-------- Data for analysis --------

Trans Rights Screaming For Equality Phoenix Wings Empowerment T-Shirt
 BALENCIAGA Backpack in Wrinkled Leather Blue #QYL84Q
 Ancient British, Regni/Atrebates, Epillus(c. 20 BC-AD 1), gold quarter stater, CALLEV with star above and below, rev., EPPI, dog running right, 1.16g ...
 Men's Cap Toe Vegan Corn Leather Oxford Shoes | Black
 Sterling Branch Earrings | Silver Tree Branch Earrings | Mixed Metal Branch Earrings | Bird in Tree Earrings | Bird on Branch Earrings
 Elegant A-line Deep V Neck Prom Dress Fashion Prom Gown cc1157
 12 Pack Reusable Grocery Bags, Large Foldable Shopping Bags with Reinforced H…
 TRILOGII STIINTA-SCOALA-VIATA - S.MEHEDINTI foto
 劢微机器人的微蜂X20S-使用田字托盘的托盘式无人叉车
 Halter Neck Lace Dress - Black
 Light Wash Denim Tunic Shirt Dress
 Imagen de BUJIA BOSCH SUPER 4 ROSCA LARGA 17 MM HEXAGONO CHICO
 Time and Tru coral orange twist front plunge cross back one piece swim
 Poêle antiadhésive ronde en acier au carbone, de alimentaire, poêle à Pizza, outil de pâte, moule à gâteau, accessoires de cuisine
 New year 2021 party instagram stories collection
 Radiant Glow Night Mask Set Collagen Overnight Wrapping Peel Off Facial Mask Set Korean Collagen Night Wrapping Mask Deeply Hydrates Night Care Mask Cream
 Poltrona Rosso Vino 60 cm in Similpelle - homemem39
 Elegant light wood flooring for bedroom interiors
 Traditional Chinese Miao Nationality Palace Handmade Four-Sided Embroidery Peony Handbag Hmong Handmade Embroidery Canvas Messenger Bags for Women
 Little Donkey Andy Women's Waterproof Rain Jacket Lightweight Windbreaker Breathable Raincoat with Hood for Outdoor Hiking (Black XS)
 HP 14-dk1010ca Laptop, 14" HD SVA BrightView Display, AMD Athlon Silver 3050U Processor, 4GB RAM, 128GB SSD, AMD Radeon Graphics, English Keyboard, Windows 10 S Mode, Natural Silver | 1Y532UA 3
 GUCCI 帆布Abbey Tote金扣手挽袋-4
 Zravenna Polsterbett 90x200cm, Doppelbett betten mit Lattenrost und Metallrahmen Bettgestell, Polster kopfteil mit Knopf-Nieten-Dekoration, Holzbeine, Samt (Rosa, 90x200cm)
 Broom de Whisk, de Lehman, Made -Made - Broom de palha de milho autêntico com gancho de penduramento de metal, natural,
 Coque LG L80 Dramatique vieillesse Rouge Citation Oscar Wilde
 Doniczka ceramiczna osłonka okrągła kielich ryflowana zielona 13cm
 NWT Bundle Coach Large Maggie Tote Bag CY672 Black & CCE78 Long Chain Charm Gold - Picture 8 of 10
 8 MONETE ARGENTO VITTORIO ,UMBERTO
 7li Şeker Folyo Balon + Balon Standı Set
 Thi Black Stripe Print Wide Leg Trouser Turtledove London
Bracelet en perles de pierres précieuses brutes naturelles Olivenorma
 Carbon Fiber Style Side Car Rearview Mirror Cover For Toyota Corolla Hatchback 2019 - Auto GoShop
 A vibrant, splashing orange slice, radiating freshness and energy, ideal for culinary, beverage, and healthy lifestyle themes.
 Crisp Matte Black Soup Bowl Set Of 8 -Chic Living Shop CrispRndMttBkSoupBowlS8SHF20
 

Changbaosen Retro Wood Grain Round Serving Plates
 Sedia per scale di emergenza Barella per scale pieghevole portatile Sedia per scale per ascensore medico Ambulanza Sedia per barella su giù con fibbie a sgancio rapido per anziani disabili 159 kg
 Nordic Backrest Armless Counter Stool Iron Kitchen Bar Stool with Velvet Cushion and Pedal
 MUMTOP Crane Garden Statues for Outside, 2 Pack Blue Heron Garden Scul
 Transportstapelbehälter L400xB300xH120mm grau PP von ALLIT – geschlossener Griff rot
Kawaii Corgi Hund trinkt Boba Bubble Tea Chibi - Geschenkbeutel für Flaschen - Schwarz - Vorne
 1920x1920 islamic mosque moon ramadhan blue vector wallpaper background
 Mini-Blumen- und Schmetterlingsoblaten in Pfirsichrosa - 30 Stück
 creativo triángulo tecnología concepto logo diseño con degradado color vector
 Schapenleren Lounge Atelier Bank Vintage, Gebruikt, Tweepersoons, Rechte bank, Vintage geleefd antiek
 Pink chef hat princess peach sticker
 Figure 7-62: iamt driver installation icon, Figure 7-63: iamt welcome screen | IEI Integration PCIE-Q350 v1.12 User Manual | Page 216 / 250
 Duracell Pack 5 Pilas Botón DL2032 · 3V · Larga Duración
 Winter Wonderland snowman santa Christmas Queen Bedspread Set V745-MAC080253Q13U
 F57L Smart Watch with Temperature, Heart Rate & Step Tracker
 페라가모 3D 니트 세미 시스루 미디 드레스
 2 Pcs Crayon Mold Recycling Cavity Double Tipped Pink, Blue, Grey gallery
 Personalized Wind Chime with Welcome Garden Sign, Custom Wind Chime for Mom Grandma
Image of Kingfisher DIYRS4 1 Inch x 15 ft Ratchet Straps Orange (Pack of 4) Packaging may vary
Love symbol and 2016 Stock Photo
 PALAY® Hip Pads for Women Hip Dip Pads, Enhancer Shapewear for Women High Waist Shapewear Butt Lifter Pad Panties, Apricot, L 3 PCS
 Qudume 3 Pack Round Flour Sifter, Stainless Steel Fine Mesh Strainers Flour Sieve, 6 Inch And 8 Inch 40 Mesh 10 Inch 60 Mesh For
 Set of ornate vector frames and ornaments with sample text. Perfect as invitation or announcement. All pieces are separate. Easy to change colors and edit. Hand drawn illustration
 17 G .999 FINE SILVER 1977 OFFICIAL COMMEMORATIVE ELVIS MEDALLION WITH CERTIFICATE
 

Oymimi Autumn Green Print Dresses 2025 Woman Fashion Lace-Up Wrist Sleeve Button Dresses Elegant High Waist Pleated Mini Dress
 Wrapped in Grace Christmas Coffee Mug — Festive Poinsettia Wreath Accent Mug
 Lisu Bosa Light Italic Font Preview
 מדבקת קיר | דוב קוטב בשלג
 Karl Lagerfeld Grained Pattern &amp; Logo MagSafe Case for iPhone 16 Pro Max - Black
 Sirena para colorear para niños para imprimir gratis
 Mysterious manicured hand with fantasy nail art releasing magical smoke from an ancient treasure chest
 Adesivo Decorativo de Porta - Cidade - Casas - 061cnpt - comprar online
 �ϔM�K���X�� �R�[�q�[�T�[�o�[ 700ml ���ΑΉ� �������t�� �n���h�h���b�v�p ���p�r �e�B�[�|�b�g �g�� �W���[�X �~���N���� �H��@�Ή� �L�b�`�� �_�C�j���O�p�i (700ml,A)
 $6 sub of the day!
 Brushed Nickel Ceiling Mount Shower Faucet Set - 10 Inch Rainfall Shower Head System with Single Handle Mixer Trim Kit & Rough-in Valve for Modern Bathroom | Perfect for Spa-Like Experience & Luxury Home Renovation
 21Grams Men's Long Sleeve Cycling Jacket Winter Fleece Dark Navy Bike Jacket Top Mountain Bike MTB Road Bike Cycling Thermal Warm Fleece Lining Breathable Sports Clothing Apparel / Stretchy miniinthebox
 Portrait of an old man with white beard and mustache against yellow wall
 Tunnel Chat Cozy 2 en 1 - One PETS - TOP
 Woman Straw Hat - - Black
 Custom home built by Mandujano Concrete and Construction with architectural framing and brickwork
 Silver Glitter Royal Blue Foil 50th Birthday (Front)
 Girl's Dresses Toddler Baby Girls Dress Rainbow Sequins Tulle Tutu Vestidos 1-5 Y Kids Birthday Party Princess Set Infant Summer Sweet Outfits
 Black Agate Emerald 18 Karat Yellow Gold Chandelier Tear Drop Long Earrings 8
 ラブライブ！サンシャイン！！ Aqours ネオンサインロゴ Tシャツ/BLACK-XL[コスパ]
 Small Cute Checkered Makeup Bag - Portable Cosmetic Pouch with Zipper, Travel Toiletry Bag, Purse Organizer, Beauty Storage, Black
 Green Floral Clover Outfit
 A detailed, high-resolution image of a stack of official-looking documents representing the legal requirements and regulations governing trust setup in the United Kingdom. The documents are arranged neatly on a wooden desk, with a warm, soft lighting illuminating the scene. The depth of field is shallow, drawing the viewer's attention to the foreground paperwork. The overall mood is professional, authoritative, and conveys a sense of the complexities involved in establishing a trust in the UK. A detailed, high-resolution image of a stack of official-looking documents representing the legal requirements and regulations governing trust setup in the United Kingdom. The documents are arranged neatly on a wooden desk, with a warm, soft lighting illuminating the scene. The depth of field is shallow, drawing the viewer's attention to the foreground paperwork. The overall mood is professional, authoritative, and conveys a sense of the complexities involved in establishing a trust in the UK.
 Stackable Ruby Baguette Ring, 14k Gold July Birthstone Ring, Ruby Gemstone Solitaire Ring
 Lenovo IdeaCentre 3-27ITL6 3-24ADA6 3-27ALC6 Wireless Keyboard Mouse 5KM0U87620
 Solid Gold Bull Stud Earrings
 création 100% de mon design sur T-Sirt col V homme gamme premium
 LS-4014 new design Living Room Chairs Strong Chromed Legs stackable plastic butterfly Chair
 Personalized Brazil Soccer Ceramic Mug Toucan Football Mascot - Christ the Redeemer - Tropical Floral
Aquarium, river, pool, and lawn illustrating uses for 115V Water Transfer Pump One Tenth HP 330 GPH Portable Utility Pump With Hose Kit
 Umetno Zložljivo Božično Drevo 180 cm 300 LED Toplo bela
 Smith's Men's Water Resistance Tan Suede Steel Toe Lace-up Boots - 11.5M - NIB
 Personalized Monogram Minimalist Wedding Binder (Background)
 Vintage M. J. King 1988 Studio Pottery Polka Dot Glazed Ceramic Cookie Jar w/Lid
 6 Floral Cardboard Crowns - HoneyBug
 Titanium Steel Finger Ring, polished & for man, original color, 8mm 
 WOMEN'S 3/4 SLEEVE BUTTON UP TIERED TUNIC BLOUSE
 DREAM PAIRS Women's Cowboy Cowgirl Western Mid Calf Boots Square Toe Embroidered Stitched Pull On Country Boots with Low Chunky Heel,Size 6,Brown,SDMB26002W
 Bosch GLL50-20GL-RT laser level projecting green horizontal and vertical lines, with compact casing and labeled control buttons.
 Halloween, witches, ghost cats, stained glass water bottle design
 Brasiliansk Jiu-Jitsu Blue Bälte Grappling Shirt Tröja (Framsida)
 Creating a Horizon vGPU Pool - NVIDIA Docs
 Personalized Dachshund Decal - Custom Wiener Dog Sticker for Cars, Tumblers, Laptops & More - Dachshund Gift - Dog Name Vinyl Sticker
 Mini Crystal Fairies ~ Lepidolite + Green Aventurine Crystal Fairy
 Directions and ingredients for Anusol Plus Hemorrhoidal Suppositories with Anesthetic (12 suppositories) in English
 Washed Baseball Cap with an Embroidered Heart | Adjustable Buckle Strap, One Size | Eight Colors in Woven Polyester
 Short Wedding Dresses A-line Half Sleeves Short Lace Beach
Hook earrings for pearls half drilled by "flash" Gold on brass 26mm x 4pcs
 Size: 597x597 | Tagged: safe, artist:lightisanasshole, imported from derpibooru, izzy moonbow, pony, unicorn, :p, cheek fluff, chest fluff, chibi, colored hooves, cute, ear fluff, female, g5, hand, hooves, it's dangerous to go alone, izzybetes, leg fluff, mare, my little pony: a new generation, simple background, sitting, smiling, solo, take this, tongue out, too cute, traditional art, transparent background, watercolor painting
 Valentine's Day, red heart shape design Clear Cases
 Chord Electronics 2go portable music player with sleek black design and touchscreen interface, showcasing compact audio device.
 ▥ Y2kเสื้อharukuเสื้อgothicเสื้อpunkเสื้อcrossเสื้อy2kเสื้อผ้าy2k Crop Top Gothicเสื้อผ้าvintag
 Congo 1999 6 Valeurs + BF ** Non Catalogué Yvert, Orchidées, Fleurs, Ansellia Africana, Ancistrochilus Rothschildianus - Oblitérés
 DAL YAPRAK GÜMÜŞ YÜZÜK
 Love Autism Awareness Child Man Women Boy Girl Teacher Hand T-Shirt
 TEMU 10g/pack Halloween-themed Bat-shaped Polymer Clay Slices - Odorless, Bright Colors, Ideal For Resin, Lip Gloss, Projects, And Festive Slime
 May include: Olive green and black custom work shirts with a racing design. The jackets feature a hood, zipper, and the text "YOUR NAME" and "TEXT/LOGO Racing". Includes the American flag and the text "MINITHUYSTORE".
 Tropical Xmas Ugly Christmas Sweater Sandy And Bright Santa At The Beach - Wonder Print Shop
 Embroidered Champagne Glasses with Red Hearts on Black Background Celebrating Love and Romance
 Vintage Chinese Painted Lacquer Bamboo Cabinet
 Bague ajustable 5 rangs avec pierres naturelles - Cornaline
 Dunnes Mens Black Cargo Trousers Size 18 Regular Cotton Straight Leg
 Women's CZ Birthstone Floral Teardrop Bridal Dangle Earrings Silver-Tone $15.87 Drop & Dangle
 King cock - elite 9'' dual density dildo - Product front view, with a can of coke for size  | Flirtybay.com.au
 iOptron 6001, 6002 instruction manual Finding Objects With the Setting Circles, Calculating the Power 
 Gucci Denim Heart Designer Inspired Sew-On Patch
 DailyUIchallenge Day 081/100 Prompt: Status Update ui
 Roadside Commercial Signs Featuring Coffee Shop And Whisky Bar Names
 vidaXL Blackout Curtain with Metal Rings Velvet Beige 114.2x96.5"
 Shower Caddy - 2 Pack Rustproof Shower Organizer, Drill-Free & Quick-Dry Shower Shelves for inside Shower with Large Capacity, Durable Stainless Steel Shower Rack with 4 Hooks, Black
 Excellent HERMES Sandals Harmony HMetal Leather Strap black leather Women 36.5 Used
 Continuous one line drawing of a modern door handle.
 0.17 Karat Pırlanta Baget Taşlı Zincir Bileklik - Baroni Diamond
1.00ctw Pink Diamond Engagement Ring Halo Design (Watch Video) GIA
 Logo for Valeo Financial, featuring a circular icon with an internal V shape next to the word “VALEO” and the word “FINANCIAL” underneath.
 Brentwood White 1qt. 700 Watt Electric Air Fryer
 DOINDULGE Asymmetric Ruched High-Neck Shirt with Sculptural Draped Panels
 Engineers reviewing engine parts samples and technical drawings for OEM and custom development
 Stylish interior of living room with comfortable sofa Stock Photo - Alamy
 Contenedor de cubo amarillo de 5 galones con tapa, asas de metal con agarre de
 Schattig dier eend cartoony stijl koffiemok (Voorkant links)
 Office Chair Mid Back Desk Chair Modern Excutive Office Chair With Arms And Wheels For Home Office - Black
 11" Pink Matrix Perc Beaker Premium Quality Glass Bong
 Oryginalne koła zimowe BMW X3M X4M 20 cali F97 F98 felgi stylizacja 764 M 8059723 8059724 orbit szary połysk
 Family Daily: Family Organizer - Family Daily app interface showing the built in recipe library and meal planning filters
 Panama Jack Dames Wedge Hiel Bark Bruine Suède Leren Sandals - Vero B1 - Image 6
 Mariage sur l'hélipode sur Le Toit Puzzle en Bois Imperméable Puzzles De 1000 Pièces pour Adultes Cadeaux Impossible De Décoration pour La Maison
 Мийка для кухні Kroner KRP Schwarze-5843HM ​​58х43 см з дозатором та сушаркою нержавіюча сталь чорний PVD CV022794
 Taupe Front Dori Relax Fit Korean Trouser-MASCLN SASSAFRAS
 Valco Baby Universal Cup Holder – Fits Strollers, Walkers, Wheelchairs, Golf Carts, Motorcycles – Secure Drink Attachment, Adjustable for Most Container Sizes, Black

--------

[Goal of the exercise] If a line in the records has the word "Karat", copy that line.

[Answer section]
 Black Agate Emerald 18 Karat Yellow Gold Chandelier Tear Drop Long Earrings 8
 0.17 Karat Pırlanta Baget Taşlı Zincir Bileklik - Baroni Diamond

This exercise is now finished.